Voltei para casa me sentindo péssima e pensando que ainda tem muito chão pela frente. Mandei uma mensagem para a fono que me deu o encaminhamento perguntando se não tem como fazer o tratamento pelo convênio.
Fiquei o resto da tarde passando roupa e remoendo isso. Quando estava perto de 18 horas fui tirar leite para a próxima mamada do Dário. Consegui tirar 80ml, praticamente uma mamada. Ele acordou quando eu estava terminando, coloquei na mamadeira e ele começou a mamar. De repente não tinha quase nada de leite na mamadeira e o pano de boca estava todo molhado. O bico estava rasgado.
O bico que ele usa é um para bebês com lábio leporino e fenda palatina. Era só esse bico. Até tem outros bicos aqui em casa, os bicos originais das mamadeiras e os bicos das bombas de leite. Tentei todos, mas nenhum deu.
O local que eu comprei esse bico já estava fechado. Seria bem difícil achar outro lugar aberto que o vendesse.
Bruna: "Felipe, você vai naquela farmácia perto do pão de açúcar e vê se tem desse bico."
Felipe: "Lá não vai ter."
Bruna: "Torce para ter, se não tiver você vai ter que rodar a cidade inteira até achar."
Quando ele saiu eu chorei tudo o que tinha para chorar. Como o bico rasgou? 80ml de leite tirado com tanto sacrifício e vaza quase tudo! Por que tinha que acontecer isso justo hoje a nessa hora?
Comecei a ligar em todas as farmácias perguntando se tinha o tal do bico. Para cada farmácia que eu ligava eu já mandava uma mensagem no celular do Felipe dizendo que não tinha. Mandei uma mensagem para a fono explicando e ela respondeu para procurar um outro bico, o bico big ortodôntico da kuka. Mandei para o Felipe e rapidinho ele me mandou uma foto do tal do bico. Mas a fono disse para comprar uma seringa, por precaução. Se ele não se entender com o bico era para dar o leite na seringa.


Eu iria precisar de um mês me preparando psicologicamente para dar leite numa seringa para ele. Já me basta não poder dar leite no peito e ter dado leite pela sonda no tempo que ele ficou internado. Será que é óbvio o tanto que isso poderia ter me deixado louca? Imagina ter que dar leite para um filho numa seringa. Eu não estou preparada para isso.

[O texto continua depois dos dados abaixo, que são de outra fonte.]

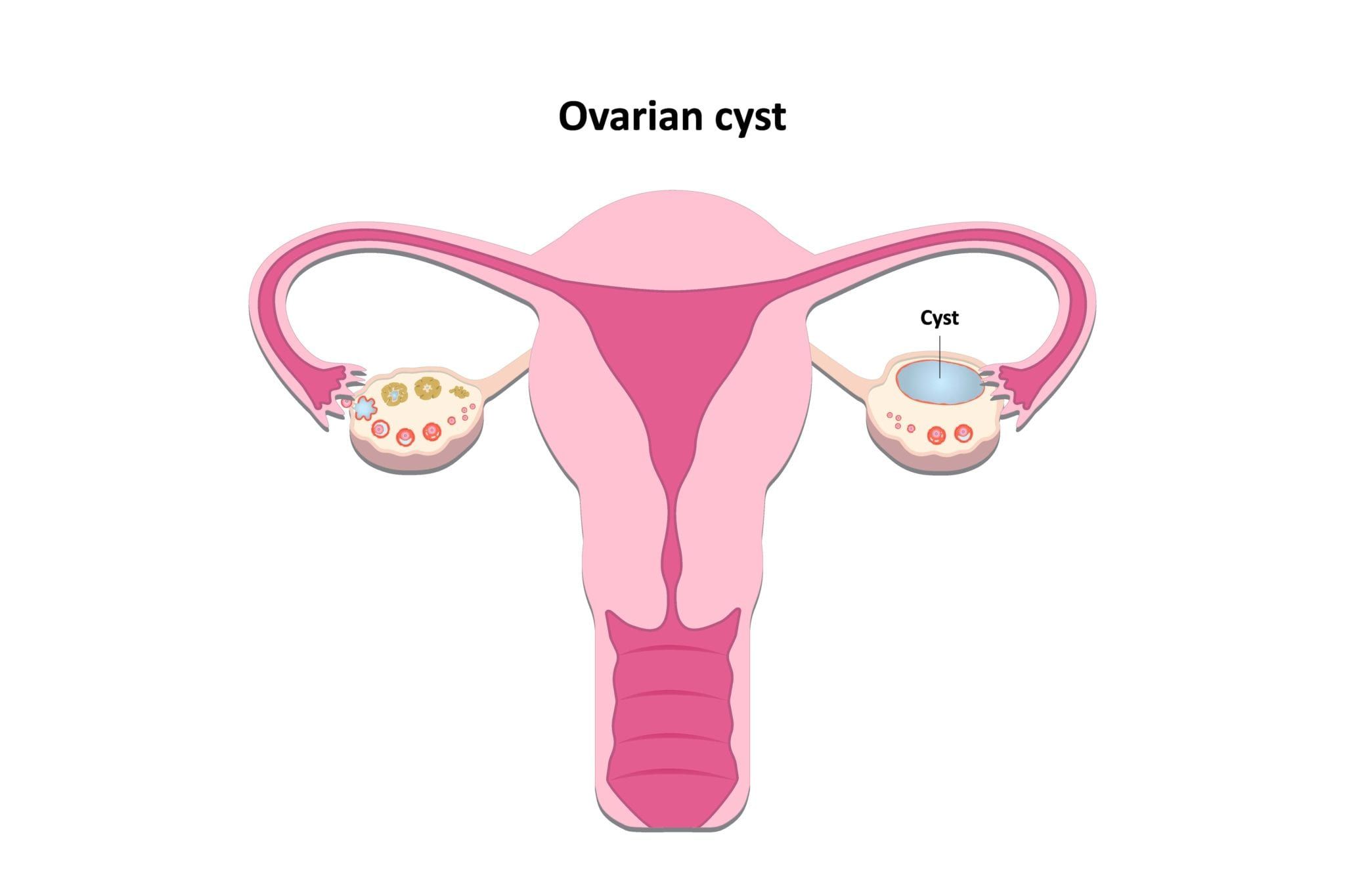 Should You Be Worried About An Ovarian Cyst Sunshine State Womens Care Llc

O Felipe trouxe o bico que ela falou e outros dois diferentes. Também trouxe 3 seringas diferentes. Tadinho. Ainda bem que o bico deu certo. O Dário mamou tudo super bem. Tomara que mais nada dê errado hoje e nem no resto da semana.
Essa fono é maravilhosa. Eu tenho sorte porque tive o suporte dela. Ela tentou me acalmar e explicou que é importante ficar calma para o leite não secar. Eu acho que só tenho leite ainda porque faço muita questão que o Dário receba ele.
Sempre que foi muito difícil para eu conseguir algo eu sempre continuei tentando e no final valeu muito a pena. Esse Dário deve ser o cara mesmo.
E eu sempre lembro que uma vez eu comentei com o Felipe de, de repente, o bebe vir com algum tipo de problema. Ele debochou dizendo que era praticamente improvável de isso acontecer. Não imaginava que iriamos passar por tudo isso, mas quero que ele saiba que nós iremos continuar fazendo tudo por ele e que ninguém tem culpa de nada.